Question

Match each item from List-I with the correct answer from List-II:

• A. Number of ways in which 3 squares of unit length can be chosen on a 8 x 8 chessboard, so that all squares are in same diagonal line is
• B. Number of words that can be formed using the letters of the word 'LIVELIHOOD' if each word contains three letters is
• C. Number of five element subset, that can be chosen from the set of the first 11 natural numbers so that at least two of the five elements are consecutive is
• D. Number of ways in which the letters of the word 'ABBCABBC' can be arranged such that the word ABBC does not appear is any word is

Answer 1

(P) → 392 [Option (3)], (Q) → 264 [Option (4)], (R) → 441 [Option (1)], (S) → 361 [Option (2)]

Answer 2

We match each item from List‑I with the correct answer from List‑II as follows:

(P) Number of ways in which 3 squares on an 8×8 chessboard can be chosen so that they all lie on the same diagonal

A chessboard has two families of diagonals (in both the “/” and “\” directions). For one family (say “\” direction) the diagonals have lengths: 1, 2, 3, 4, 5, 6, 7, 8, 7, 6, 5, 4, 3, 2, 1.

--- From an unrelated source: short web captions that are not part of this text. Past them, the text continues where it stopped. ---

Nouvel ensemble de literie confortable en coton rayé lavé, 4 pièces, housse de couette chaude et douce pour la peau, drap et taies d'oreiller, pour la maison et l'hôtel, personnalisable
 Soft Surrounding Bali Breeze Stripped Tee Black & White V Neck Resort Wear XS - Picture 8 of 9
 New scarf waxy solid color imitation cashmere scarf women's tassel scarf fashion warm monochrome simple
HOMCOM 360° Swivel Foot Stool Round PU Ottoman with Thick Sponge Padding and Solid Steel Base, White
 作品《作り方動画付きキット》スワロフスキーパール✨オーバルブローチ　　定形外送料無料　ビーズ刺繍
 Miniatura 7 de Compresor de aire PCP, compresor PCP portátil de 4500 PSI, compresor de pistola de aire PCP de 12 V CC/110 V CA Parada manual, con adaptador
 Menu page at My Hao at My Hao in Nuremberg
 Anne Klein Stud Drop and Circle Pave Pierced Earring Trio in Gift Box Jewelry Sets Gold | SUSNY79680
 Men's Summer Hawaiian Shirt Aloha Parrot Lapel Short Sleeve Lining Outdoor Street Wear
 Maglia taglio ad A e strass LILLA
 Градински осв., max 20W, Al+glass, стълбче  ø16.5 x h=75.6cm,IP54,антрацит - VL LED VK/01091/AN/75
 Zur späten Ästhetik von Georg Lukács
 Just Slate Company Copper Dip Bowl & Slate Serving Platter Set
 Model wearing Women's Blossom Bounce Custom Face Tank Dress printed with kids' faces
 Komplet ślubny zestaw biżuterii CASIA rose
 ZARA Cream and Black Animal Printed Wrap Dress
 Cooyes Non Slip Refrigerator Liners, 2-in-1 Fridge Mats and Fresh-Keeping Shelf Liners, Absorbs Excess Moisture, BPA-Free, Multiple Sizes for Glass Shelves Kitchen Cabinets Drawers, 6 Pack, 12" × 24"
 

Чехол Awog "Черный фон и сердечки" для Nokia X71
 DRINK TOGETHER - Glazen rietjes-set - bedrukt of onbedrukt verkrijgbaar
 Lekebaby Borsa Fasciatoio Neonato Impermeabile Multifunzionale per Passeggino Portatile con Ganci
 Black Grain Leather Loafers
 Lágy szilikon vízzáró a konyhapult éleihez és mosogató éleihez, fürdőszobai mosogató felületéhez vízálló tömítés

Only those diagonals with length L ≥ 3 contribute and the number chosen from a diagonal of length L is C(L, 3). For one direction the sum is: C(3,3)+C(4,3)+C(5,3)+C(6,3)+C(7,3)+C(8,3)+C(7,3)+C(6,3)+C(5,3)+C(4,3)+C(3,3) = 1+4+10+20+35+56+35+20+10+4+1 = 196. Since both diagonal directions are identical, total = 2×196 = 392.

Thus, (P) = 392 → Option (3).

(Q) Number of three‐letter words formed using the letters of “LIVELIHOOD”

Letters in LIVELIHOOD (10 letters): ‑ Frequency: L(2), I(2), O(2), and V, E, H, D (each 1).

Two cases:

1. All three letters distinct: There are 7 distinct letters. Arrangements = P(7,3) = 7×6×5 = 210.

2. Two letters identical and one different: Only letters with at least 2 copies (L, I, O) can be repeated. For any such letter, choose one different letter (from the remaining 6 distinct letters) and arrange A, A, B in 3!/2! = 3 ways. Total = 3×6×3 = 54.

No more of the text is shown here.